The next and final stop was Diema, a small town 350km north of Bamako, where we spent the afternoon with Pam Young, an English lady whose car broke down here a few years ago, and who, since then, spends 6 months every year here to run her one person charity projects. The people of Diema were waiting for us with nice food (freshly baked bread, goat and mutton, rice, and even beer if our Polish colleagues wouldn’t have drunk all before we arrived), music and dancing. The B2 people donated hundreds of bycicles, 50 sewing machines, computers, and hundreds of kilos of clothes.

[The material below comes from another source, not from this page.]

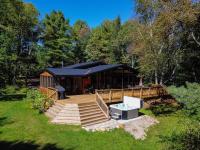 Red Cedar Chalet on Brady Lake - B&B Hindon Hill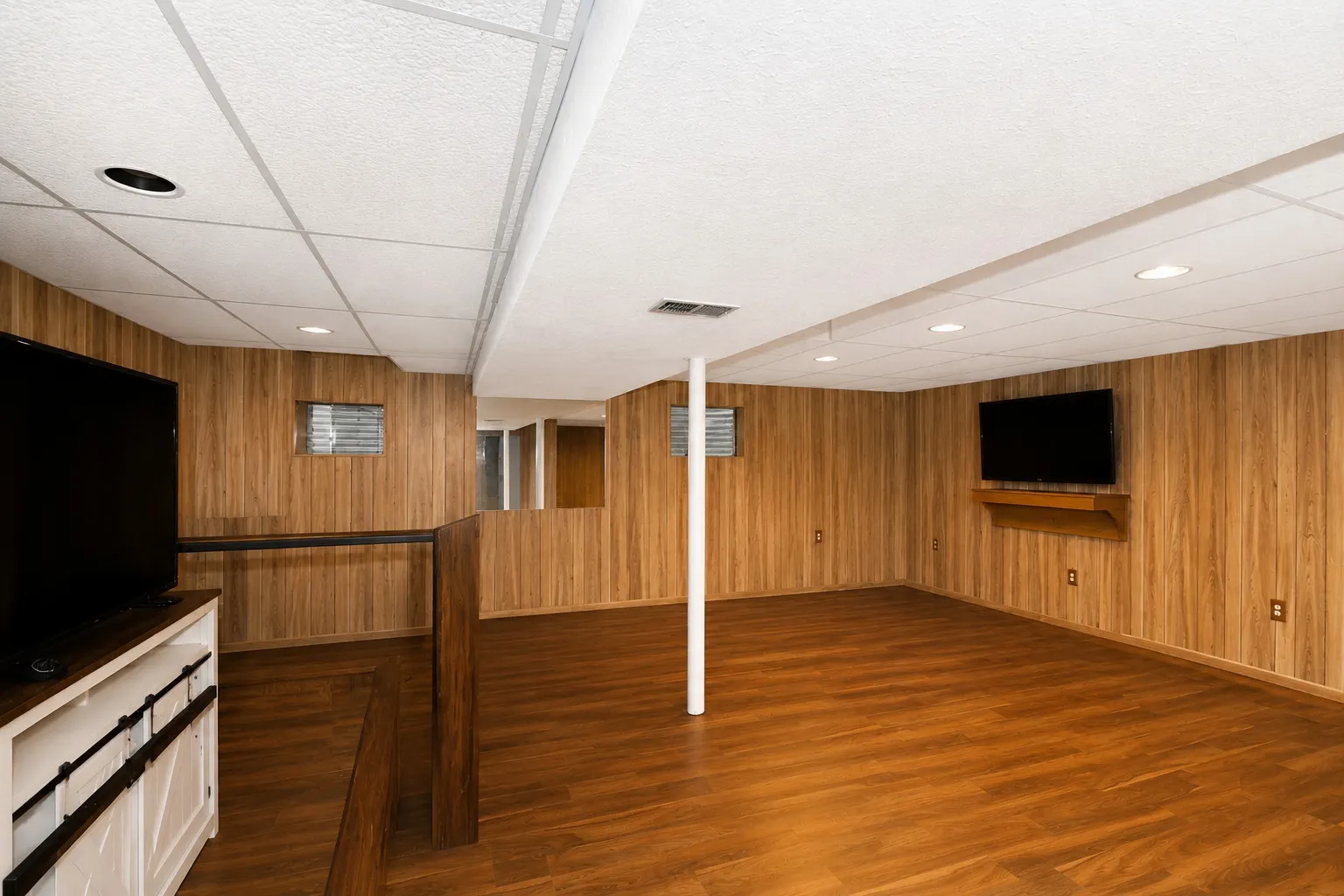 982 Valleyview Dr, , 60103, USA 60103-Bartlett-IL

One team also dug a well here and we had its opening ceremony in the afternoon.
The soccer game planned with the locals fell victim to the 39 degrees C (a slight improvement compared to the 46 the previous day), but instead we managed to screen a Bud Spencer movie for the kids.
We like the people of Mali very much, they are polite and friendly, even big crowds of children are easy to manage compared to the other countries we visited.
Today’s the last night in the tent! (In or beside, Michal and myself are spending the nights outside the tent, because of the heat, not because Pascal haven’t had a shower for days).
The day starts with Moussa guiding us through the national park. The more than 200kms large forest and jungle is under the Unesco Protection since 1981 and is clearly a wonderful place for Hippos, gazelle, monkeys. We will need another visit to know whether the lion foot print are real …
Btw this is better here to enjoy the high price and low quality food from the restaurant; according to Moussa 12 local hunters have killed by the guards last Sunday because they killed a buffalo!
On the way, broken trucks dusty roads and African temperature for this 400kms stage.
The border crossing to Mali was less chaotic than expected (or we are getting used to it, the first border control guy even wanted us to stay over the weekend because we arrived friday afternoon only), and finally around 6:30pm we arrived in our destination country Mali! There are less than 1000 kilometers to go to Bamako and we are confident that the whole team will make it there on Sunday!